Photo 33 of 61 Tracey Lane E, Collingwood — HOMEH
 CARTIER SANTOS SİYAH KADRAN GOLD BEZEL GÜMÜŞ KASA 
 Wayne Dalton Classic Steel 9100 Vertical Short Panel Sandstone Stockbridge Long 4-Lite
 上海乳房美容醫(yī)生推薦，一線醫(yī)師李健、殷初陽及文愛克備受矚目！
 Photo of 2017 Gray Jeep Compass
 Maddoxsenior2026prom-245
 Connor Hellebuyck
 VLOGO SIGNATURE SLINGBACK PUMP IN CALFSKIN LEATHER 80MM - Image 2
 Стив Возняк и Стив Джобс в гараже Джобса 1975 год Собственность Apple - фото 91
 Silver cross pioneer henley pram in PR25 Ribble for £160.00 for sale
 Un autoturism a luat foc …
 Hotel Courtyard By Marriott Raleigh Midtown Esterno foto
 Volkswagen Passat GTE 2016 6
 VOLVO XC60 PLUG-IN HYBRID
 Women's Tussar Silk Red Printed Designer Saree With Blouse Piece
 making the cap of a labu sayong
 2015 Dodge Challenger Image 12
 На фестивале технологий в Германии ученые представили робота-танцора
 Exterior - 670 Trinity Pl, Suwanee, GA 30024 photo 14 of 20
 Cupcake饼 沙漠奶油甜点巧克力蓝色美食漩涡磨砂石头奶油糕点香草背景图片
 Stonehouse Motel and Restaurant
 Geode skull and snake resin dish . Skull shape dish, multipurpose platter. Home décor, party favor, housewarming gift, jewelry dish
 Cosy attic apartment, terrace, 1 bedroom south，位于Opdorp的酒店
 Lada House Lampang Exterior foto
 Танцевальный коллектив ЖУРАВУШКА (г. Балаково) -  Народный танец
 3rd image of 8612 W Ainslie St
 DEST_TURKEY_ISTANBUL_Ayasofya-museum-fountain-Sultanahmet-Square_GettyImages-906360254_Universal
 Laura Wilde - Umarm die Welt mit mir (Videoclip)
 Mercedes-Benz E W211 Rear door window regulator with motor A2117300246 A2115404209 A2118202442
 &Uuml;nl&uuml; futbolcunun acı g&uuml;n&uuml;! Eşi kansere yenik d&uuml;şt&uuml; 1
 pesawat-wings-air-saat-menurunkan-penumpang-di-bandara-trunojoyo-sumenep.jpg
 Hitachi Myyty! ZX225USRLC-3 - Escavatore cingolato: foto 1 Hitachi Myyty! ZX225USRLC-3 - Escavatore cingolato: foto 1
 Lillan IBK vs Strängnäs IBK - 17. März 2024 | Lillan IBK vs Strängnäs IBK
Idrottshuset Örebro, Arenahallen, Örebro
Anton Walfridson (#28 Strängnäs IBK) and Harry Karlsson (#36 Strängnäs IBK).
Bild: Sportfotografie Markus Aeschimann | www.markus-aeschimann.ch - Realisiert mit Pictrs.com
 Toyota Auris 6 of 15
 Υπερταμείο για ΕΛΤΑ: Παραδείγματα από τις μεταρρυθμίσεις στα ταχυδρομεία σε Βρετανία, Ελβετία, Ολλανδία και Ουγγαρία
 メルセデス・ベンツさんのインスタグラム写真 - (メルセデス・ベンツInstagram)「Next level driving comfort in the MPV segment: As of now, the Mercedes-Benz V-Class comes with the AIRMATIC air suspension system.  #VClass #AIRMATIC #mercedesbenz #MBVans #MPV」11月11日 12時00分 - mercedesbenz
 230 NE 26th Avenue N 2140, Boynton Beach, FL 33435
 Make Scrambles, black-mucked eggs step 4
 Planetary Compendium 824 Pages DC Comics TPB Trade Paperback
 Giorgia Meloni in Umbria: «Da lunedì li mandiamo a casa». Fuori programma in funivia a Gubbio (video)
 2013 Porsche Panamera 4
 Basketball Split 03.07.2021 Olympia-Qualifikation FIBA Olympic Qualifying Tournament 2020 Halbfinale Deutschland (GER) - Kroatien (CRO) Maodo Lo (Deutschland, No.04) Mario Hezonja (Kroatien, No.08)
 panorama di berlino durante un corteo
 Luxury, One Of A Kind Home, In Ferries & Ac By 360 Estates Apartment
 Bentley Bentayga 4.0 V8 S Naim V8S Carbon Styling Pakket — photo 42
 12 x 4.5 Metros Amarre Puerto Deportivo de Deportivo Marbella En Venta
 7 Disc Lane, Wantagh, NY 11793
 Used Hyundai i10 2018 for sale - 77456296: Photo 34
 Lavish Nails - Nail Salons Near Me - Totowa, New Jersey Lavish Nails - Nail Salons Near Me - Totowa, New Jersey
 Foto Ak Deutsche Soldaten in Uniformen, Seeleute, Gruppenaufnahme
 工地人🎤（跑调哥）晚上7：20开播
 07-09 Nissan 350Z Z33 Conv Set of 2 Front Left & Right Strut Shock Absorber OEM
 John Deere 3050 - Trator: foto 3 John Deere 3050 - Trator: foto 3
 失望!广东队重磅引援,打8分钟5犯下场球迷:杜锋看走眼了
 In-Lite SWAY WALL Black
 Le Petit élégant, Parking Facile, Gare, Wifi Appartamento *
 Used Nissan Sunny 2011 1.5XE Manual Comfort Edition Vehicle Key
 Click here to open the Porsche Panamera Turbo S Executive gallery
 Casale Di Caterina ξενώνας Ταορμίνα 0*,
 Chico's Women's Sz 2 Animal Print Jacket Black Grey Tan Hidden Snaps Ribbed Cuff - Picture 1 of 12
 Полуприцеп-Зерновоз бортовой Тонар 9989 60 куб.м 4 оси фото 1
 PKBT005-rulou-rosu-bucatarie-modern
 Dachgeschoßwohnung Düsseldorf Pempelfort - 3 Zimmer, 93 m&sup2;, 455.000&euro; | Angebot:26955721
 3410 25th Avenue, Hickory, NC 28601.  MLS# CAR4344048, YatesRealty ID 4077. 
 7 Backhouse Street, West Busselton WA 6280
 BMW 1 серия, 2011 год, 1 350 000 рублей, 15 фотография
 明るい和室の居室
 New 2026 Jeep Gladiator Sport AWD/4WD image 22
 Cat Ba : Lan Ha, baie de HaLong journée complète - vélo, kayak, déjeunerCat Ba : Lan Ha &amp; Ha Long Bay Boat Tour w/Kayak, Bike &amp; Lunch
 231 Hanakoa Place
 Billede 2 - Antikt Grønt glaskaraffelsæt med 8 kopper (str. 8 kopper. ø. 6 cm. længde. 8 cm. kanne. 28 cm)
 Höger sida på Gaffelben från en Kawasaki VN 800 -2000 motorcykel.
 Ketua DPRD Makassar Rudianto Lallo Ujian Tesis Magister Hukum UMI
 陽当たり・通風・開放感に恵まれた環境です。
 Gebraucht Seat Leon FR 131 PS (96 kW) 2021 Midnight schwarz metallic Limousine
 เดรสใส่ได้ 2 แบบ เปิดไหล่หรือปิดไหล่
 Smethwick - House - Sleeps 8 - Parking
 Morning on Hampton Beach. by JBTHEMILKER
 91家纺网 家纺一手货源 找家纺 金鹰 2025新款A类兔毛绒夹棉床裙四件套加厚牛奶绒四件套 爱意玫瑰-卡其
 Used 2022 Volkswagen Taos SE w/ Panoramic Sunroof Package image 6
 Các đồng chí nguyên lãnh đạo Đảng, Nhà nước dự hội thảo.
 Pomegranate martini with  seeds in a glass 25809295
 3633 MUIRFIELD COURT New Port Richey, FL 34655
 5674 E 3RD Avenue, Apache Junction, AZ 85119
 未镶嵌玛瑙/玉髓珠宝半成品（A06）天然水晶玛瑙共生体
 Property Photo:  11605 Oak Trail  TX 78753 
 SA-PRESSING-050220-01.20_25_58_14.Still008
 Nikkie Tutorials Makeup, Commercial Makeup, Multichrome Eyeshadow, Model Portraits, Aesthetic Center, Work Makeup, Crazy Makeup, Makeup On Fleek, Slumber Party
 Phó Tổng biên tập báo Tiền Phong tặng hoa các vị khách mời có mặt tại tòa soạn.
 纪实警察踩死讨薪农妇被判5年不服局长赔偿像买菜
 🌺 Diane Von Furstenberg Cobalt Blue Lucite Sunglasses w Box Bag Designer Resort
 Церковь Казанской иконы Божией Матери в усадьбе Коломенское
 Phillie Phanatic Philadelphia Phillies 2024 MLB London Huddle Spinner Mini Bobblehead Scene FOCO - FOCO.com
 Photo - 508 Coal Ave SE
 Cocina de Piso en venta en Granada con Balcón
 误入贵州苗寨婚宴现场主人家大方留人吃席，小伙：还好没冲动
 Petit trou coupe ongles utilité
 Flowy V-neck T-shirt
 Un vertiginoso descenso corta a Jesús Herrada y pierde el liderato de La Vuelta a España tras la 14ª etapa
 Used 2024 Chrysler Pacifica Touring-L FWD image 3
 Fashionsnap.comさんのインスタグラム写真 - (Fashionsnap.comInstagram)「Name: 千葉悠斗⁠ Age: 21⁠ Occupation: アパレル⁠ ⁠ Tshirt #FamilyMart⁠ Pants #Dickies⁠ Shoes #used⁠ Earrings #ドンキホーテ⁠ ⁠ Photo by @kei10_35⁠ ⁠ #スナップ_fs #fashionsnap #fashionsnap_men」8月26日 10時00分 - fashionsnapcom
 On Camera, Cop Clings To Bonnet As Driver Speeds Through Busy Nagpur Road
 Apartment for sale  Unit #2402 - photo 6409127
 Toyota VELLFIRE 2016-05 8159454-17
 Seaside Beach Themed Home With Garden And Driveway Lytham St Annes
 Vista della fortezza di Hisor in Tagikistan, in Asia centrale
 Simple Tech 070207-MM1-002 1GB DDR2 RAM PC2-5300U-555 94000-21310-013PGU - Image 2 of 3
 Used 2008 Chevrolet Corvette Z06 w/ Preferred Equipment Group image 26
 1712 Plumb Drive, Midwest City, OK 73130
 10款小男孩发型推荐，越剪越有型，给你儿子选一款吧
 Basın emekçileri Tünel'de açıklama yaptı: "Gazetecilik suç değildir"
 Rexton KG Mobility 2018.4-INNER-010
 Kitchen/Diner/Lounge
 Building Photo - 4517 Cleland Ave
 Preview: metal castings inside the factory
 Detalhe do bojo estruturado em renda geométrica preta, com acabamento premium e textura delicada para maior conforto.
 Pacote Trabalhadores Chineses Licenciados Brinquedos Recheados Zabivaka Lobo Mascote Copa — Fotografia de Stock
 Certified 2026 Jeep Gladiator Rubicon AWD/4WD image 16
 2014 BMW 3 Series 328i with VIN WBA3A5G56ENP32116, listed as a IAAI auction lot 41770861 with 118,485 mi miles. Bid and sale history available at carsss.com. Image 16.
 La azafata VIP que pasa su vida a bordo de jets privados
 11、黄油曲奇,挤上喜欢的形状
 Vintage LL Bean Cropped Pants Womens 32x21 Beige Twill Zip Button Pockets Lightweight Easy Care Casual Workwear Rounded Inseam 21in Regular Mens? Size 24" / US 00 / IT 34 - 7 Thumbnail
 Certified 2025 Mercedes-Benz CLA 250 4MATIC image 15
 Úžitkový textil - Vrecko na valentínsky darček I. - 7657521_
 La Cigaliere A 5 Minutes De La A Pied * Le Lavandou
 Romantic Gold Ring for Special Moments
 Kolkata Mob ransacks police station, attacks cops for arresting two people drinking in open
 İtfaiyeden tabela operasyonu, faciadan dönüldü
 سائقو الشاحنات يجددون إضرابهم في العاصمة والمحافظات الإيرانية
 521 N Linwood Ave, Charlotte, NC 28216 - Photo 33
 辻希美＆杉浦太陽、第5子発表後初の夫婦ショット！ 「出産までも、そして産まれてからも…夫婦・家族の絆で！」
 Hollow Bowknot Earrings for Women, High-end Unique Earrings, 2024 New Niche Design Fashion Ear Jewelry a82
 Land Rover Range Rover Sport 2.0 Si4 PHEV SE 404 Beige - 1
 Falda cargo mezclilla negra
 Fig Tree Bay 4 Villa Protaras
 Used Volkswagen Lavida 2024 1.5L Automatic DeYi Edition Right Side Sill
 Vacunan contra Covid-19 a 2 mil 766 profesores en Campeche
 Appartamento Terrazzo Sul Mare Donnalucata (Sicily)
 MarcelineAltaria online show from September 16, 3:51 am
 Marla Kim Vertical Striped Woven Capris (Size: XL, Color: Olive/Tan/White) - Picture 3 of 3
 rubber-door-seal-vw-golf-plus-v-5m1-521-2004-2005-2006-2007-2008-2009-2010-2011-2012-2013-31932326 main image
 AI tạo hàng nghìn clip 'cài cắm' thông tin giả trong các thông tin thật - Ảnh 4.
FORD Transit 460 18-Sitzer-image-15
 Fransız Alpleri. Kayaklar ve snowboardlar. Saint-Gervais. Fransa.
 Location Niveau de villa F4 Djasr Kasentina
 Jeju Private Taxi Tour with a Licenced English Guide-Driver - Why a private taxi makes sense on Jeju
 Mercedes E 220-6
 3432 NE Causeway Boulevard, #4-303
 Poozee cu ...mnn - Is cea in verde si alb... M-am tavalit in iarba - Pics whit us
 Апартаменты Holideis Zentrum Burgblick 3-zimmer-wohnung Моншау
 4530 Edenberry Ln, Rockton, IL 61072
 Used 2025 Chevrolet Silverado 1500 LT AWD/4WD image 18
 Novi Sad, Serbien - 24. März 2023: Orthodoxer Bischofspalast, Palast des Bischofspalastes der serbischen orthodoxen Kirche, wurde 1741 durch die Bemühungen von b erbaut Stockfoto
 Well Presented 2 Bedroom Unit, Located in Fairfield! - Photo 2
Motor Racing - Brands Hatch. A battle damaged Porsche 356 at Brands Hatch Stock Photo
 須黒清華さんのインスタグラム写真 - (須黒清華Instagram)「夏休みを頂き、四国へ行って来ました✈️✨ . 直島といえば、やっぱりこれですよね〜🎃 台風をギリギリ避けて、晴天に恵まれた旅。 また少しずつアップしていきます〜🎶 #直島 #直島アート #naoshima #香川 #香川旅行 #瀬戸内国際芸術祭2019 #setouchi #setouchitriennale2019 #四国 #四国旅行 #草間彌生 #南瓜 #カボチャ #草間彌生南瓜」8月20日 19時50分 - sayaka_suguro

────────────────────

▶ _WHAT IS NEEDED_
In the listing above, the lines from the one containing "AI tạo hàng" through the one containing "Mercedes E 220-6" must be set down exactly, with no other lines.

▶ _THE COMPLETED TASK_
 AI tạo hàng nghìn clip 'cài cắm' thông tin giả trong các thông tin thật - Ảnh 4.
FORD Transit 460 18-Sitzer-image-15
 Fransız Alpleri. Kayaklar ve snowboardlar. Saint-Gervais. Fransa.
 Location Niveau de villa F4 Djasr Kasentina
 Jeju Private Taxi Tour with a Licenced English Guide-Driver - Why a private taxi makes sense on Jeju
 Mercedes E 220-6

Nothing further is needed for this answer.